Author: Andy Fuller and William Gilroy


Copernicus. Galileo. Hubble. For ages, humans have looked up at the night sky to ponder the secrets of the universe. The flickering stars have been the stuff of fascination and research for millennia, from men and women who mostly turned their gaze ever upward to study the vastness of space. Yet today, a group of University of Notre Dame astrophysicists is going down — way down — in a new attempt to gain an understanding of the evolution of stars.

The Goal

The scientists are using space in the Sanford Underground Research Facility (SURF) in Lead, South Dakota, to work on a project called the Compact Accelerator System for Performing Astrophysical Research (CASPAR). CASPAR uses a low-energy particle accelerator that will allow researchers to mimic nuclear fusion reactions in stars. If successful, their findings could help complete our picture of how the elements in our universe are built. “Nuclear astrophysics is about what goes on inside the star, not outside of it,” said Dan Robertson, a Notre Dame assistant research professor of astrophysics working on CASPAR. “It is not observational, but experimental. The idea is to reproduce the stellar environment, to reproduce the reactions within a star.”

SURF is located in the former Homestake Gold Mine, which operated for more than a century extracting ore from hundreds of miles of tunnels, thousands of feet below the earth’s surface.
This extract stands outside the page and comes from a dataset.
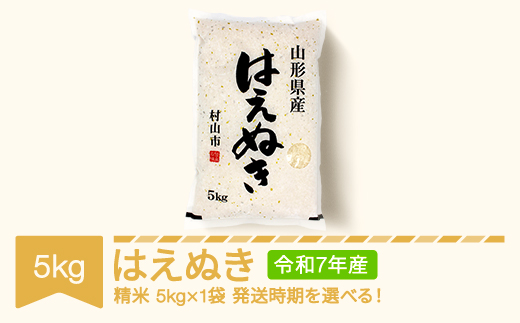 米 5kg 5kg×1 はえぬき 精米 令和7年産 2026年6月中旬 mk-haxxa5-s6b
That depth is key to projects like CASPAR. With a keen sense of the irony at play, Robertson explains that researchers must “reproduce the stellar environment” by getting as far away from that environment as possible to reduce the cosmic radiation that constantly bombards the earth and creates “noise” which interferes with sensitive physics experiments.

“When we go underground, there’s a lot of rock above us that’s a mild shielding from cosmic rays,” Robertson said. “Once you get underground, cosmic ray background almost completely disappears.”

It’s a fairly direct rationale for a project that took a winding path to fruition.